Catherine Maclean - MA 2004. I began my time at Dalhousie University in September, 1998. I was a shy, quiet girl from Truro, Nova Scotia who was eager to enter a new stage of her life academically, culturally, and socially. Not sure exactly what I would choose as a major, I was confident it would be in one of three areas: mathematics, the classics, or economics. Over the next two years, I took classes in each of these three areas. By my third year, I knew Economics was for me. I enjoyed the combination of mathematics, social issues, and statistics. I entered the honours programme with an interest in Development Economics. My classmates were a pleasure to work with, we spent many hours studying and debating various economic theories and their applications.
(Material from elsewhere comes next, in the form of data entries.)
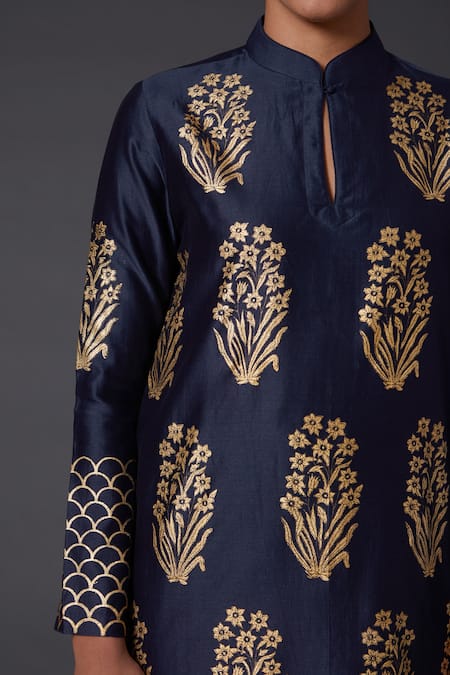 Balance By Rohit Bal Blue Cotton, Chanderi Silk Floral Mandarin Collar Printed Kurta And Palazzo Set Online at Aza Fashions Balance By Rohit Bal_Blue Cotton, Chanderi Silk Floral Mandarin Collar Printed Kurta And Palazzo Set _Online_at_Aza_Fashions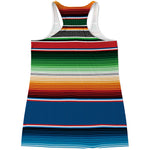 Vintage Mexican Blanket Pattern Print Women's Racerback Tank Top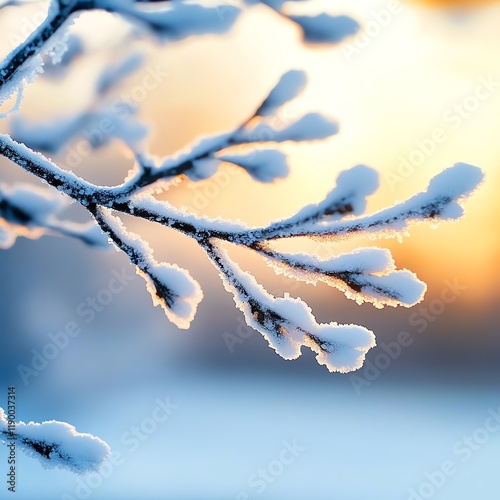 Frostcovered tree branches forming intricate patterns against a soft morning light, capturing the delicate beauty of winter nature photo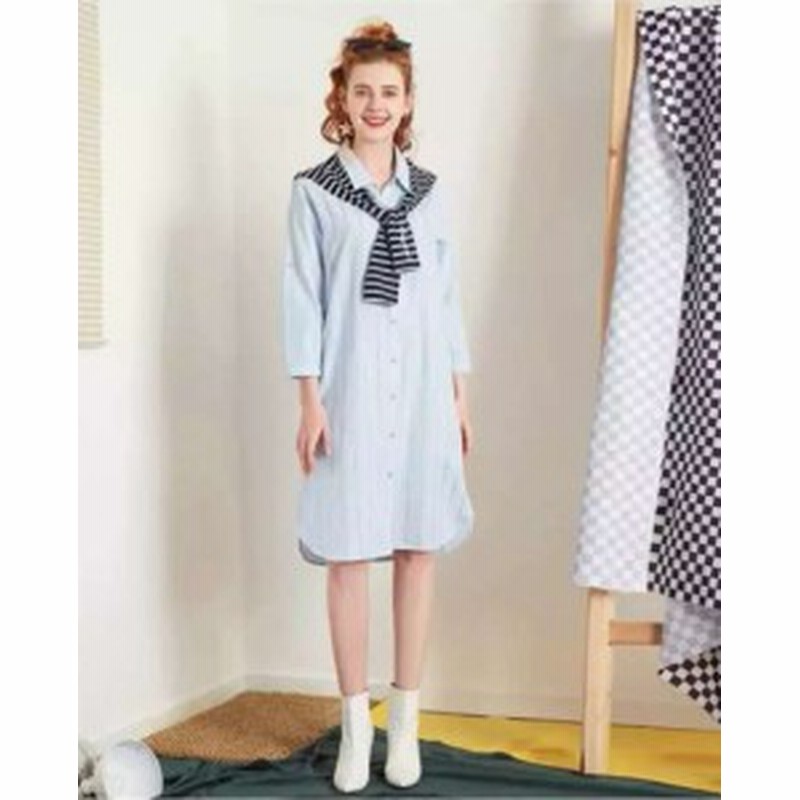 さわやか ハンサム な印象 ひざ丈 ミニ丈 ショール付き 七分袖 サイドスリット ストライプ シャツワンピース 春夏 0498 通販 Lineポイント最大1 0 Get Lineショッピング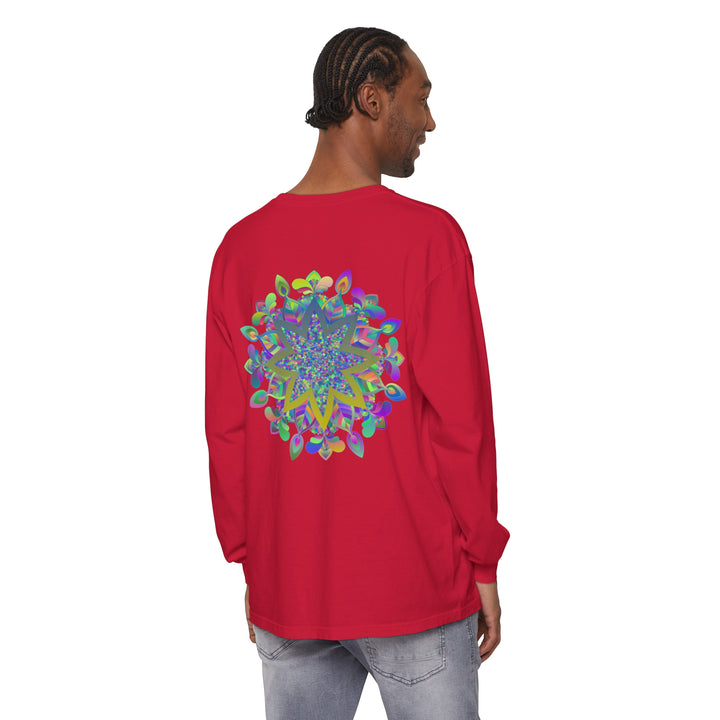 Colorful Mandala Unisex Long Sleeve T-Shirt with intricate and vibrant design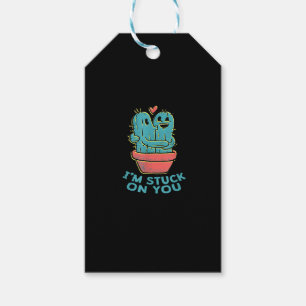 Cactus Joke Im Stuck On You Retro Succulent Couple Gift Tags
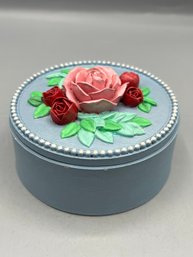 Hand Painted Floral Pattern Resin Trinket Box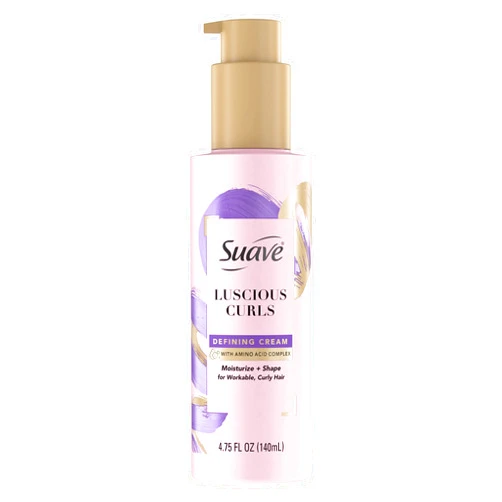 Suave Pink Luscious Curls Styling Cream Hair Cream for Luscious Curls Curl Defining Cream with Amino Acid Complex 4.75 oz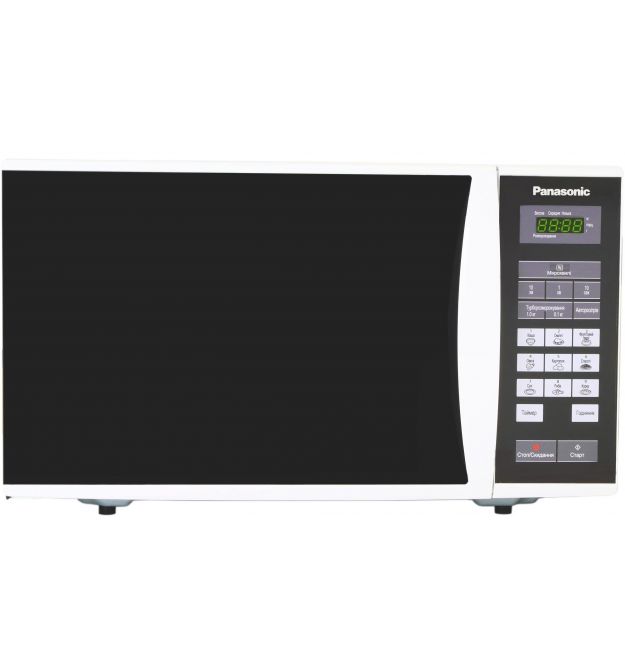 Panasonic Микроволновая печь, 25л, 800Вт, дисплей, откр. ручкой, бело-черный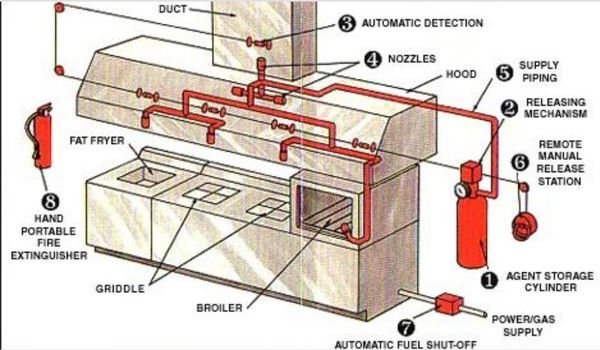 Kitchen fire suppression system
After completing my undergraduate degree in 2002, I decided to enter a graduate programme at Dal and initially entered the Masters of Development Economics. Although I enjoyed the development classes, I started to work with Profs Shelley Phipps, Peter Burton, and Lars Osberg on an international comparison of childhood obesity project. This work focused my interests on health economics and I switched to the Masters of Economics programme.
After completing my studies in 2004, I accepted at job at the University of Miami in Coral Gables, Florida in the Health Economics Research Group (HERG). I spent two and a half years working at HERG, analyzing the economic consequences of substance use and evaluating the cost-effectiveness of substance use treatment programmes. I had the opportunity to work with great researchers, attend health conferences, and publish ineconomic and health journals. In the fall of 2007, I entered a PhD programme in Economicsat Cornell University. I also met my husband, Doug Webber, in the pre-programme math prep camp! We were married on August 1, 2010 on the Tall Ship Silva in Halifax Harbour. We are currently in our fourth year of a five year programme. My interests are health behaviours and my current research focuses on the long-run health impacts of economic conditions at school-leaving, implications of rising obesity on recruitment in the U.S. military, and bullying. Doug currently uses U.S. Census data to estimate the prevalence of monopsony power in the U.S. labor market and the impact of monopsony power on employment, wages, and firm behavior.
I enjoyed the one-on-one mentorship offered in the Dal Economics Department. I knew all my economics professors and they knew me by name. Their office doors were always open for advice, questions, or a casual conversation. Although the department was not large, the quality of professors was very high. The Economizer on Fridays was a super opportunity for students and professors to interact in an informal situation. Working with professors early in my career was a great experience: I learned first hand what empirical research entails. The Atlantic Canada Data Centre is a great resource for empirical researchers like me, I was able to work with many rich Statistics Canada social science data sets. The Dal Economics programme gave me great preparation for my work at UM and my studies at Cornell. I am very pleased with my decision to attend Dal and look back very fondly on my time there.